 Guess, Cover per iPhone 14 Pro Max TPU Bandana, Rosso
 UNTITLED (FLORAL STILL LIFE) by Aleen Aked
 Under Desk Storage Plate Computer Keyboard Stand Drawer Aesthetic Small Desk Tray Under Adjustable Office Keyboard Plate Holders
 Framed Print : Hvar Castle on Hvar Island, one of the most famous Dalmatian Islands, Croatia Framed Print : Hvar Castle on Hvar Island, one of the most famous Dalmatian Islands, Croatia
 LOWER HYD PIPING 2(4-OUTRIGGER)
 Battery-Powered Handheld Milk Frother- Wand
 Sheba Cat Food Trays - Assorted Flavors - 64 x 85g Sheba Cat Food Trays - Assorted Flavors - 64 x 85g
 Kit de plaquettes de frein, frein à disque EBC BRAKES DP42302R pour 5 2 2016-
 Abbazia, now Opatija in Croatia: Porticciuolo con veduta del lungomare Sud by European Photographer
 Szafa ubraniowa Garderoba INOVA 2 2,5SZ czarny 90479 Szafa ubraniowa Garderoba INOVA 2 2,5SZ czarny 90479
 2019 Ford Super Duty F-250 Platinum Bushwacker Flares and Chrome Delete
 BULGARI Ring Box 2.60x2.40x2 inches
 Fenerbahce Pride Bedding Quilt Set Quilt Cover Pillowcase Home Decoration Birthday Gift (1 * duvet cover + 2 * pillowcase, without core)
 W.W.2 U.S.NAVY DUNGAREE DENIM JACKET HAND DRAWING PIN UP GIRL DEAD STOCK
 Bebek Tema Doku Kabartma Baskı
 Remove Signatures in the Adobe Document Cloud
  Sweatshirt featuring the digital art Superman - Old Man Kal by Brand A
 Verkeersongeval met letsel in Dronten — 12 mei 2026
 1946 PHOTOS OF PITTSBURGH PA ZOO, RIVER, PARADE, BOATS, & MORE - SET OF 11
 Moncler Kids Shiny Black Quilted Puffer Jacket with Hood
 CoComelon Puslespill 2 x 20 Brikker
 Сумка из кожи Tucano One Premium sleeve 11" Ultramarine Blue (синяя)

▸ **What you are asked to do**: Beginning at the line that contains "Moncler Kids Shiny", give again every line down to the end of the material, exactly as written, and stop there.

▸ **Task solution**:
 Moncler Kids Shiny Black Quilted Puffer Jacket with Hood
 CoComelon Puslespill 2 x 20 Brikker
 Сумка из кожи Tucano One Premium sleeve 11" Ultramarine Blue (синяя)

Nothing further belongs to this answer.